The Ins and Outs of Inclusive Finance: Some lessons from Microfinance and Basic Income
STARTING WITH THE POOR – Diana Barrowclough
Diana Barrowclough is Senior Economist at UNCTAD, where her research activities include co-authoring the flagship Trade and Development Report as well as managing research and policy activities relating to the international financial system and development.
Her long-held interest in finance, poverty and development included co-leading the project ‘Microfinance and public policy’, carried out from 2001 with support from the Geneva International Academic Network. She has a PhD in economics from the University of Cambridge, UK.
FROM PANACEA TO “ANTI-DEVELOPMENT” INTERVENTION: THE RISE AND FALL OF MICROCREDIT – Milford Bateman
Milford Bateman is Visiting Professor of Economics at Juraj Dobrilla at Pula University, Croatia; an Adjunct Professor in Development Studies at Saint Mary’s University, Halifax, Canada, and a freelance consultant, including for the United Nations. His main teaching, research and consulting interests lie in the area of local economic development, particularly the developmental role of the local state, local finance and microfinance, and the developmental role of cooperatives.
His recent publications include Why Doesn’t Microfinance Work? The Destructive Rise of Local Neoliberalism (London: Zed Books, 2010) and, more recently, he co-edited (with Kate Maclean) Seduced and Betrayed: Exposing the Contemporary Microfinance Phenomenon co- (Albuquerque: University of New Mexico Press, 2017).
DEVELOPMENT AND BASIC INCOME: AN EMERGING ECONOMIC MODEL – Guy Standing and Ian Orton
Ian Orton currently works for UNICEF’s Social Inclusion and Policy Section in New York, as a social protection specialist, where he is conducting research on universal child grants. Previously he worked for Bangladesh Rural Advancement Committee (BRAC), the international Social Security Association, and the International Labour Organization as a social security analyst, where he produced research on social policy issues related to social protection. With an academic background in political theory and philosophy, he gained his PhD in philosophy from the University of Northampton in 2006.
Guy Standing is Professorial Research Associate at the School of Oriental and African Studies, University of London. He is a Fellow of the British Academy of Social Sciences and co-founder and now honorary co-president of the Basic Income Earth Network (BIEN.) He previously held professorial positions at SOAS, the University of Bath and Monash University and was Director of the ILO’s Socio-Economic Security Programme.
Consultancy experience includes UNICEF, UNCTAD, UNDP, the European Commission and the World Bank. He also worked with SEWA in India for many years, and was Director of Research for President Mandela’s Labour Market Policy Commission.

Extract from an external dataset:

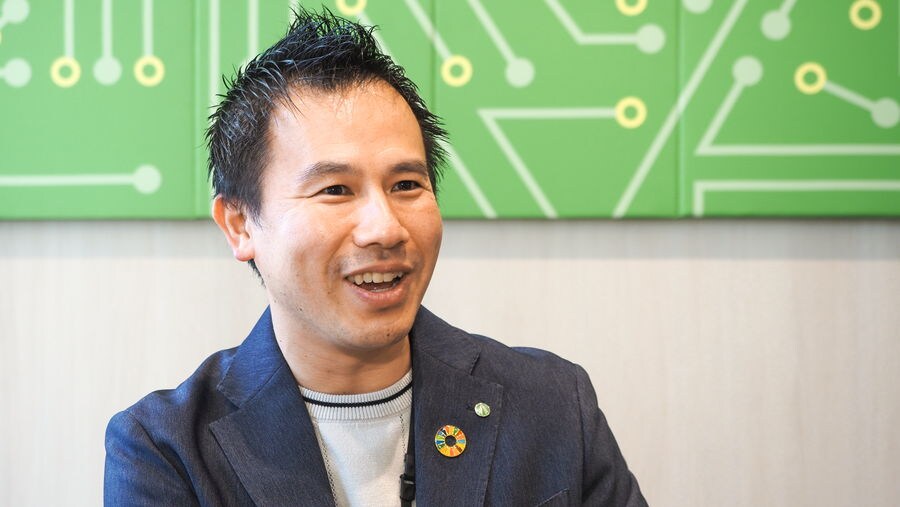 Mr. Takaya speaking during an interview in the office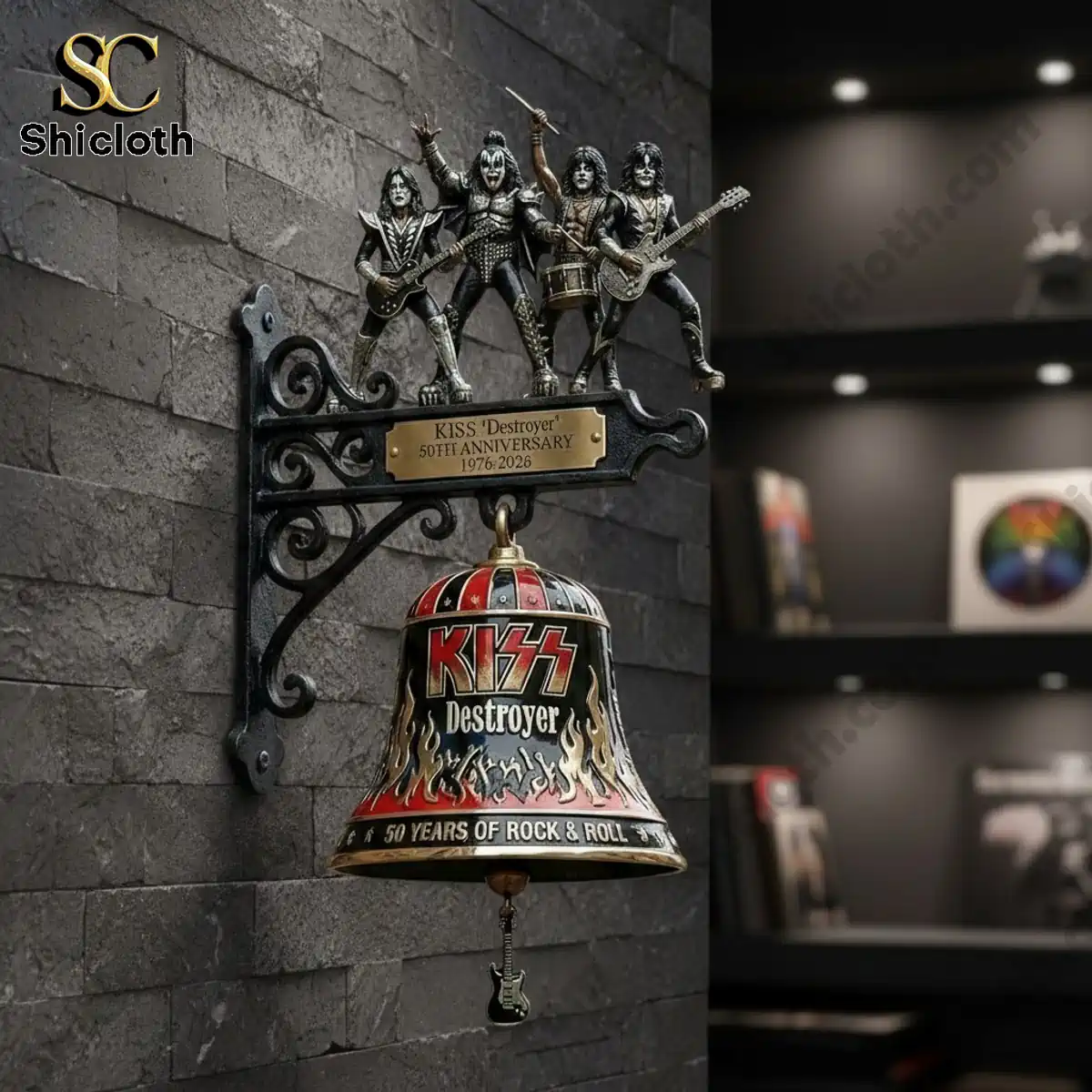 KISS Destroyer 50th Anniversary cast iron wall bell mounted on stone wall in modern display room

His career has combined being in the United Nations, being an activist (working for SEWA, et al, and steering BIEN), and being an academic. He is on the editorial boards of various academic journals, including Development and Change, Work, Employment and Society and the Indian Journal of Labour Economics. He has been invited to give lectures in over a hundred universities around the world, and has twice been invited to be a speaker at Davos.
His recent books include The Precariat: The New Dangerous Class (2011), translated into 20 languages; A Precariat Charter (2014); with others, Basic Income – A Transformative Policy for India, and The Corruption of Capitalism: Why Rentiers Thrive and Work Does Not Pay (2016). His latest book is Basic Income: And how we can make it happen (Pelican, Penguin, 2017).